基金ThisprojectwassupportedbytheNationalNaturalScienceFoundationofChina (No .3990 0 14 9)
文摘Objective: To study the effect of nitric oxide synthase inhibitor, S-methyl thiocarbamate (SMT), on proteoglycan metabolism in repaired articular cartilage in rabbits. Methods: Twenty-four male New Zealand white rabbits, aged 8 months and weighing 2.5 kg±0.2 kg, were used in this study. Cartilage defects in full thickness were created on the intercondylar articular surface of bilateral femurs of all the rabbits. Then the rabbits were randomly divided into 3 groups (n=8 in each group). The defects in one group were filled with fibrin glue impregnated with recombinant human bone morphogenetic protein-2 (rhBMP-2, BMP group), in one group with fibrin glue impregnated with rhBMP-2 and hypodermic injection with SMT (SMT group) and in the other group with nothing (control group). All the animals were killed at one year postoperatively.
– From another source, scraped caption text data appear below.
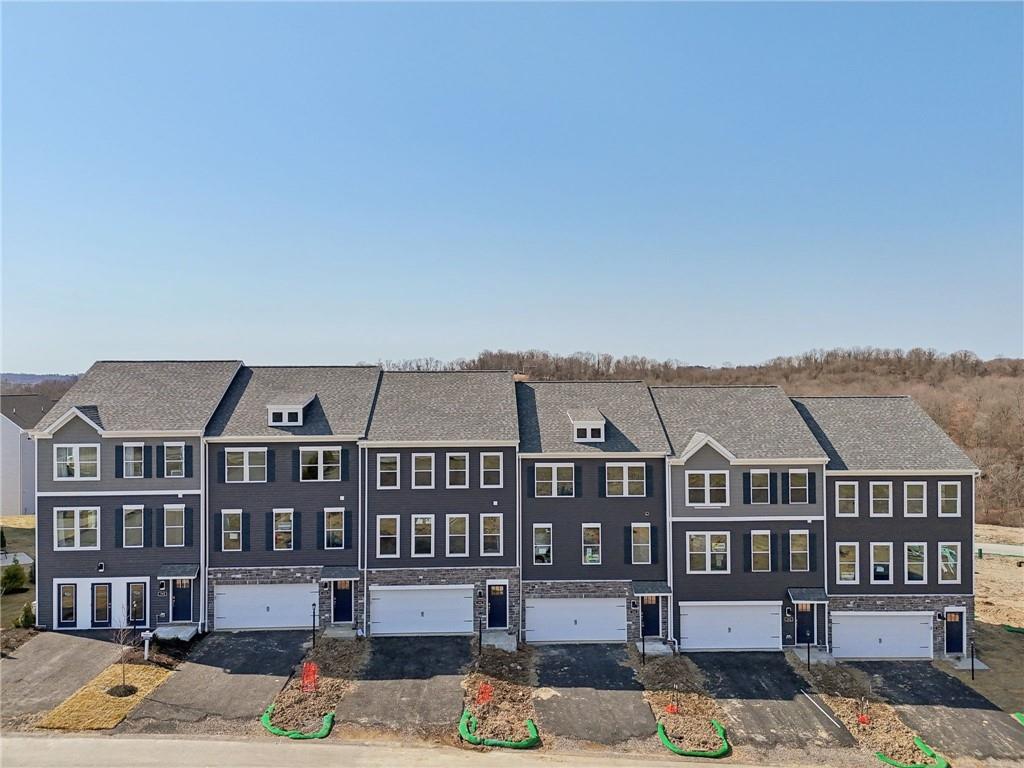 402 Cherry Tree Drive Butler, PA 16001 - Photo 1 of 21 Gallery Image 1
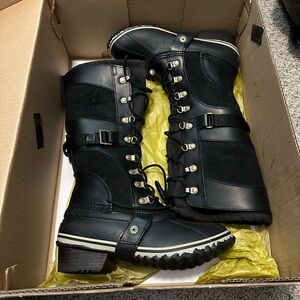 NWOT Sorel Black Lace-Up Winter Boots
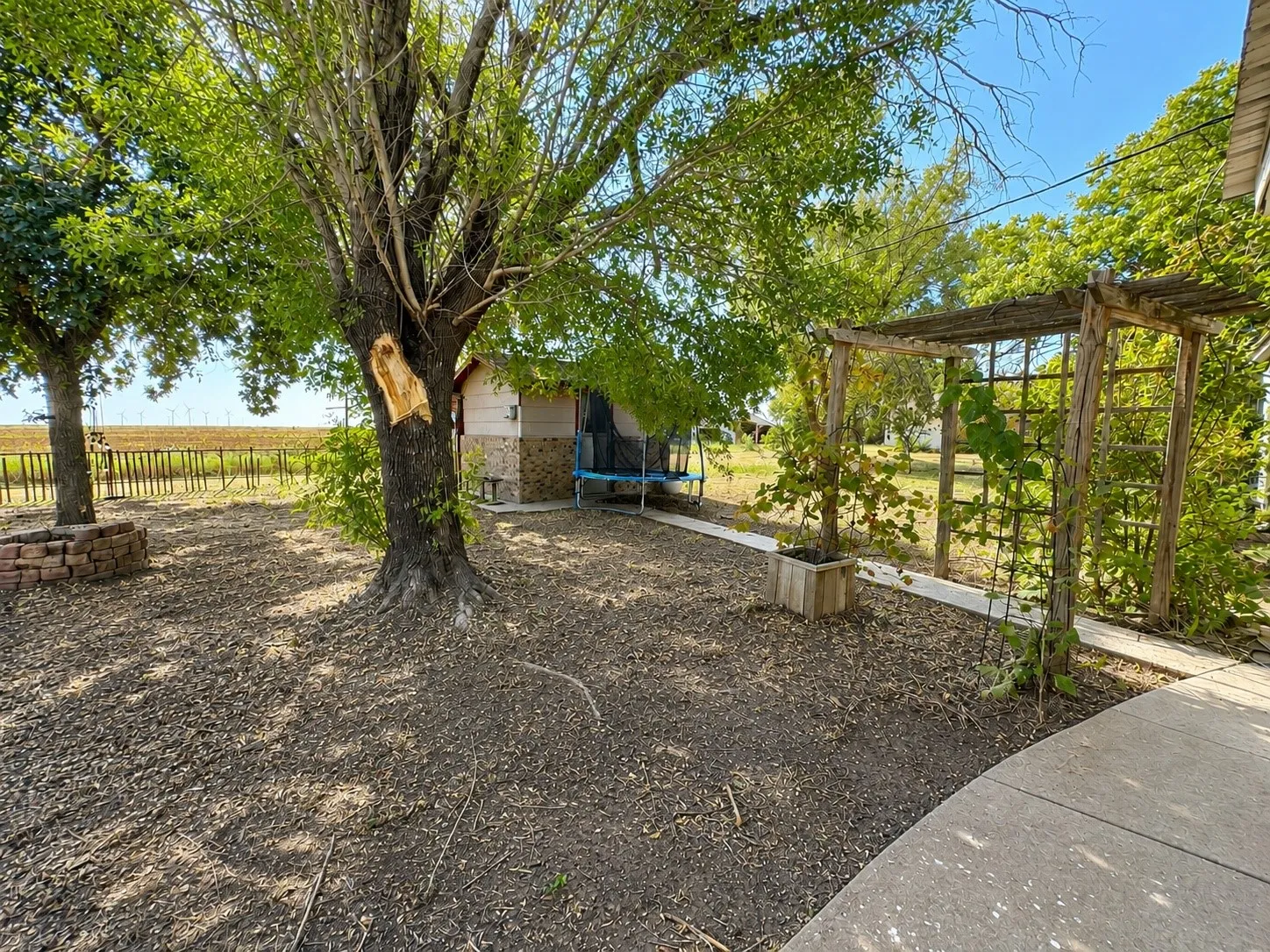 Single Family Residence For Sale in Haskell County , 1 Avenue K E, Haskell, Texas 79521, 3 Bedroom, 2 Bathroom, 2 Garage spaces, 1,715 Sqft, built in 1950, mls#21363378, Real Estate Agent in Haskell, Homes For Sale in Haskell county, Homes For Sale in Haskell, Realtor in Haskell Texas, Real Estate Brokerage Independent Realty Texas, Luminita Cordes Realtor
The tissue sections were stained with safranine O-fast green and analyzed by Quantiment 500 system to determine the content of glycosaminoglycan through measuring the percentage of safranine O-stained area, the thickness of cartilages and the mean gray scale (average stain intensity). Radiolabelled sodium sulphate ( Na 2 35SO 4) was used to assess the proteoglycan synthesis. Results: At one year postoperatively, the percentage of safranine O-stained area, the mean gray scale and the cartilage thickness of the repaired tissues in SMT group were significantly higher than those of BMP group (P< 0.01) and the control group (P< 0.05). Result of incorporation of Na 2 35SO 4 showed that the proteoglycan synthesis in SMT group was higher than those of BMP group and the control group (P< 0.01). Conclusions: SMT, a nitric oxide synthase inhibitor, can significantly increase the content of glycosaminoglycan and proteoglycan synthesis, and computer-based image analysis is a reliable method for evaluating proteoglycan metabolism.